# Tecumseh 6 HP - No Spark



## Milanomike (Mar 21, 2009)

OK, just put in a new coil, points & condensor replaced earlier on a 30 year old engine (part of a Craftsman chippe). Old coil wire was coming apart. Had difficulty getting new wire into boot with spark plug clip, what am I missing here? Suspect this could be the cause of no spark. How can I check to verify coil is firing? Also, installed aftermarket coil, hoping these things are OK. Any thoughts appreciated.

Mike


----------



## Gocart (Mar 28, 2008)

GeoGrubb posted a real neat pdf file back when I was having coil issues. It is in this thread >> http://www.hobbytalk.com/bbs1/showthread.php?t=248332


----------



## Milanomike (Mar 21, 2009)

Beautiful, I'll check it out and report back.
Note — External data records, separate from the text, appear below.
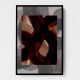 Abstract Brush Strokes 150 Wall Art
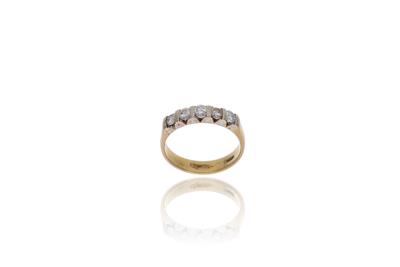 Anello con diamanti - Asta Preziosi Anello con diamanti - Asta Preziosi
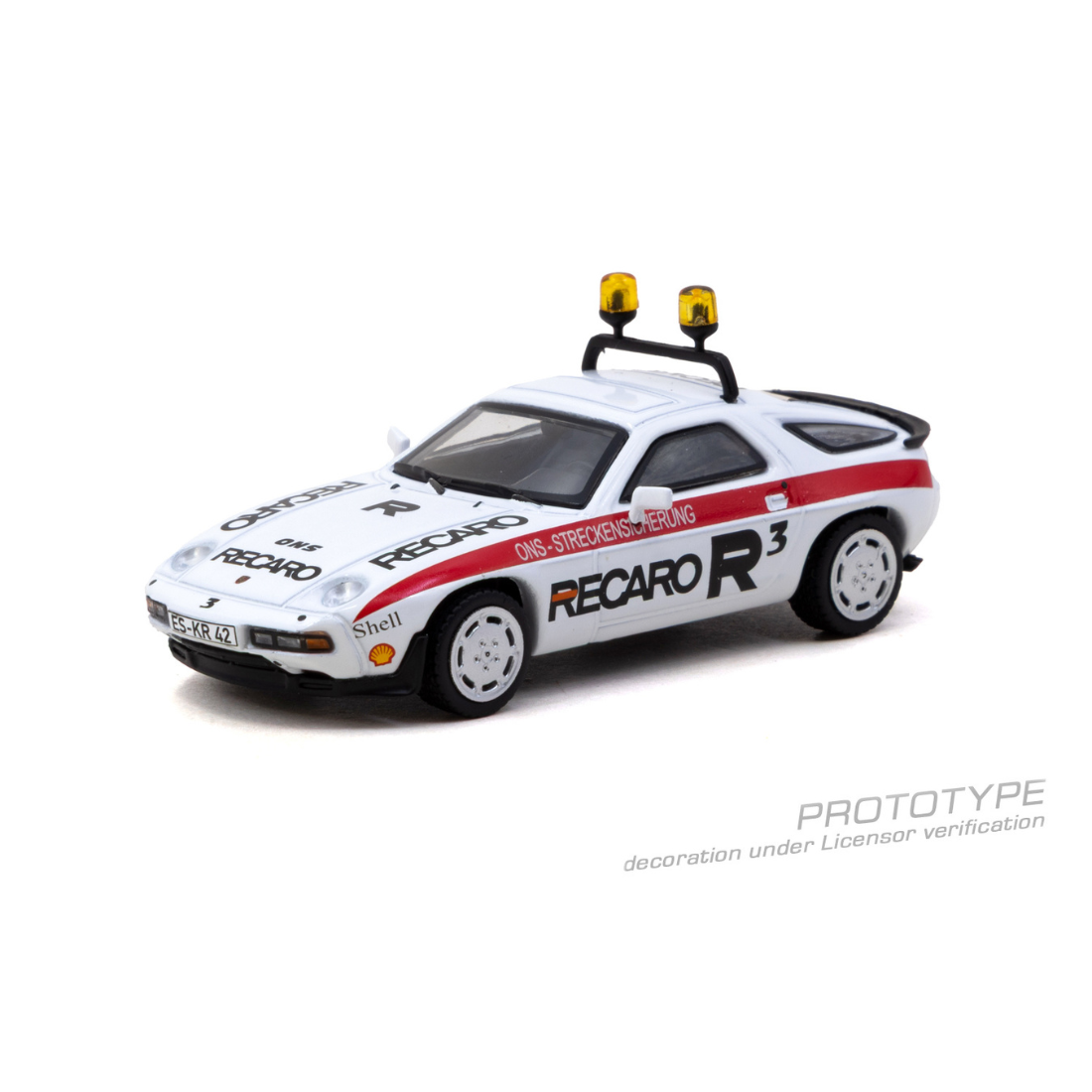 *PRE-ORDER* Porsche 928 S Safety Car (Chance of Chase Car), 1:64 Scale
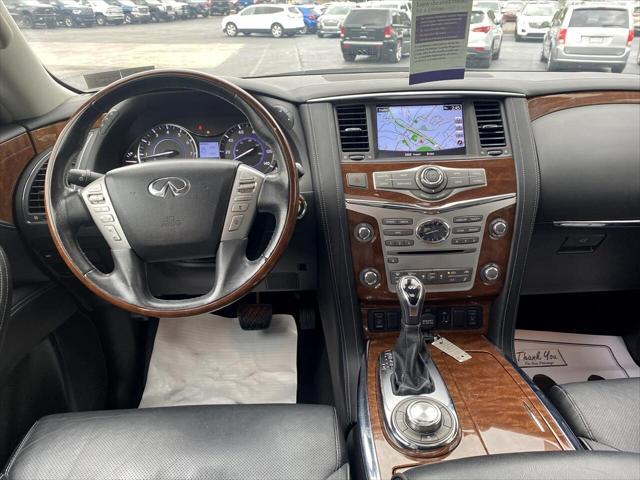 used 2019 INFINITI QX80 car, priced at $31,400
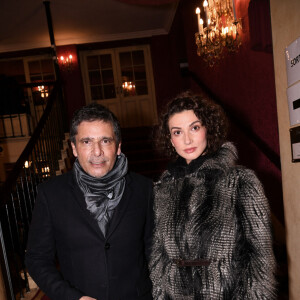 Pascal Elbé, guest lors de la première de la pièce de théâtre "L'avare" au Théâtre des Variétés à Paris le 15 janvier 2022 © Rachid Bellak / Bestimage 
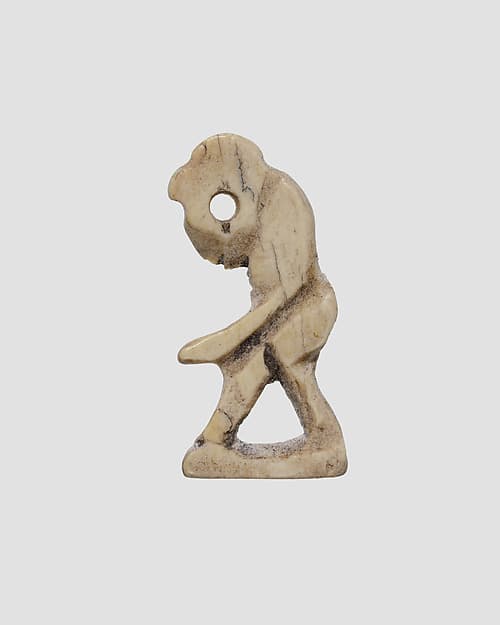 Monkey amulet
Thanks.

Mike


----------



## Milanomike (Mar 21, 2009)

OK, I'm back, just killed 1.5 hours on this, ran thru the procedure from above, great write up by Fluke. Everything checks out fine, but still no spark. Even checked old and new spark plugs, cleaned points. Finally, out of frustration, I put the old coil back in, and...spark. So, the new aftermarket coil I got from TEW, although showing continuity in the right range doesn't spark the spark plug. I guess it's dead. Anything else to check before I call these guys. Thanks.

Mike


----------



## Milanomike (Mar 21, 2009)

OK, started thinking I could have a ground issue. Cleaned all ground surfaces that hold the points, condenser, magneto to the engine and cleaned the 2 safety switches. I think it was the safety switches, I get a nice bright spark when turning engine over by hand.....with the old coil. Dead, nada, nothing with the new coil. Anyone know if these things are ever DOA? Thanks.

Mike


----------



## phillipmc (Jan 27, 2008)

its possible it is DOA


----------



## 30yearTech (Sep 14, 2006)

Yes, it's rare but it's certainly a possibility.


----------